* _SUPPLIED ENTRIES_
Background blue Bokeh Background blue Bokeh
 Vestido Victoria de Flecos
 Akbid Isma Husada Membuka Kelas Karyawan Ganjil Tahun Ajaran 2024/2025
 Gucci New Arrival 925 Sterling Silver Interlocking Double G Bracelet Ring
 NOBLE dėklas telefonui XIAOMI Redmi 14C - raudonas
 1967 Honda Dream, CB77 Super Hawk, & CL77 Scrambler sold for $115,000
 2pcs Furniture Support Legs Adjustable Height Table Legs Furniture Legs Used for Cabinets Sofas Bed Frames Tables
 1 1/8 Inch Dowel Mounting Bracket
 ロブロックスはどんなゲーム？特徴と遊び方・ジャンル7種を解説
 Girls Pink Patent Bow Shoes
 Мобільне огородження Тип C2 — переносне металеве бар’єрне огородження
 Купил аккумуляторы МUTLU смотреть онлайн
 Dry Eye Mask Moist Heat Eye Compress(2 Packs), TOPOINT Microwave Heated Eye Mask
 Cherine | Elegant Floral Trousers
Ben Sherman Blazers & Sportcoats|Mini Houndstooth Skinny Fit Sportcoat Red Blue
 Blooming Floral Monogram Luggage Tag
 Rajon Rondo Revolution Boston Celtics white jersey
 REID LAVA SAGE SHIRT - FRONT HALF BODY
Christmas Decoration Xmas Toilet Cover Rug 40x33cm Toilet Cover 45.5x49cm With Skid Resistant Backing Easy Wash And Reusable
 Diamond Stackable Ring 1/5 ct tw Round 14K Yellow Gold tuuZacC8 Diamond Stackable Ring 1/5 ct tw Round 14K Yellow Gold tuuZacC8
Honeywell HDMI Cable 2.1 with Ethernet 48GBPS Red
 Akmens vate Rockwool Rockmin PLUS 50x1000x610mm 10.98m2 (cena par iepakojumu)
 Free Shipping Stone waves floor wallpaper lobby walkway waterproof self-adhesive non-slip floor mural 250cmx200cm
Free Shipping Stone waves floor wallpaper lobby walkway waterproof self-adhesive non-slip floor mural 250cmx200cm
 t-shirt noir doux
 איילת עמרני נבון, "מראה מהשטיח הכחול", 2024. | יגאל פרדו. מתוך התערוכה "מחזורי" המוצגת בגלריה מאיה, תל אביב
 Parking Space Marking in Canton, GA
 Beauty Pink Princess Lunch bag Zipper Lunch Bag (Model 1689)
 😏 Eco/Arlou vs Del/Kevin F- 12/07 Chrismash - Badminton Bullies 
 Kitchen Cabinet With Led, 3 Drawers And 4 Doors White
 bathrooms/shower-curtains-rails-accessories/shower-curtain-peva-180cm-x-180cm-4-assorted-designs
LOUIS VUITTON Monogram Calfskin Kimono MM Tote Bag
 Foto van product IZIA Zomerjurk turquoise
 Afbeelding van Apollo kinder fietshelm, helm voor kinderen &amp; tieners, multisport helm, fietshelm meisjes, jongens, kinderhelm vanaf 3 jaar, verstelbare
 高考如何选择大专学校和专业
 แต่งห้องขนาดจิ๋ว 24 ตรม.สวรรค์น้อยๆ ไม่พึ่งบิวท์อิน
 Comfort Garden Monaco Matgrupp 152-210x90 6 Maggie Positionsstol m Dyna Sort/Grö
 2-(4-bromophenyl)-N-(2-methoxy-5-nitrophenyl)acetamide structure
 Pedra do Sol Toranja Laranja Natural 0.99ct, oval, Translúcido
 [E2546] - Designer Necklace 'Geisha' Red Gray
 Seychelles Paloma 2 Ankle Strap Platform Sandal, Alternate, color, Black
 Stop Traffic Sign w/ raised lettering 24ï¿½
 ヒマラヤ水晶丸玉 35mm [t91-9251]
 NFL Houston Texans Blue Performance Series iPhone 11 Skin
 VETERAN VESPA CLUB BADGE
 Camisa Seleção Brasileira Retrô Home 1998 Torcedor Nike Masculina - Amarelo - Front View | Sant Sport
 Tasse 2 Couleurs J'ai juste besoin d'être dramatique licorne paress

* _PROBLEM TO SOLVE_
Return exactly, and only, the lines from the start of the listing through the line with "Kitchen Cabinet With".

* _SOLUTION BELOW_
Background blue Bokeh Background blue Bokeh
 Vestido Victoria de Flecos
 Akbid Isma Husada Membuka Kelas Karyawan Ganjil Tahun Ajaran 2024/2025
 Gucci New Arrival 925 Sterling Silver Interlocking Double G Bracelet Ring
 NOBLE dėklas telefonui XIAOMI Redmi 14C - raudonas
 1967 Honda Dream, CB77 Super Hawk, & CL77 Scrambler sold for $115,000
 2pcs Furniture Support Legs Adjustable Height Table Legs Furniture Legs Used for Cabinets Sofas Bed Frames Tables
 1 1/8 Inch Dowel Mounting Bracket
 ロブロックスはどんなゲーム？特徴と遊び方・ジャンル7種を解説
 Girls Pink Patent Bow Shoes
 Мобільне огородження Тип C2 — переносне металеве бар’єрне огородження
 Купил аккумуляторы МUTLU смотреть онлайн
 Dry Eye Mask Moist Heat Eye Compress(2 Packs), TOPOINT Microwave Heated Eye Mask
 Cherine | Elegant Floral Trousers
Ben Sherman Blazers & Sportcoats|Mini Houndstooth Skinny Fit Sportcoat Red Blue
 Blooming Floral Monogram Luggage Tag
 Rajon Rondo Revolution Boston Celtics white jersey
 REID LAVA SAGE SHIRT - FRONT HALF BODY
Christmas Decoration Xmas Toilet Cover Rug 40x33cm Toilet Cover 45.5x49cm With Skid Resistant Backing Easy Wash And Reusable
 Diamond Stackable Ring 1/5 ct tw Round 14K Yellow Gold tuuZacC8 Diamond Stackable Ring 1/5 ct tw Round 14K Yellow Gold tuuZacC8
Honeywell HDMI Cable 2.1 with Ethernet 48GBPS Red
 Akmens vate Rockwool Rockmin PLUS 50x1000x610mm 10.98m2 (cena par iepakojumu)
 Free Shipping Stone waves floor wallpaper lobby walkway waterproof self-adhesive non-slip floor mural 250cmx200cm
Free Shipping Stone waves floor wallpaper lobby walkway waterproof self-adhesive non-slip floor mural 250cmx200cm
 t-shirt noir doux
 איילת עמרני נבון, "מראה מהשטיח הכחול", 2024. | יגאל פרדו. מתוך התערוכה "מחזורי" המוצגת בגלריה מאיה, תל אביב
 Parking Space Marking in Canton, GA
 Beauty Pink Princess Lunch bag Zipper Lunch Bag (Model 1689)
 😏 Eco/Arlou vs Del/Kevin F- 12/07 Chrismash - Badminton Bullies 
 Kitchen Cabinet With Led, 3 Drawers And 4 Doors White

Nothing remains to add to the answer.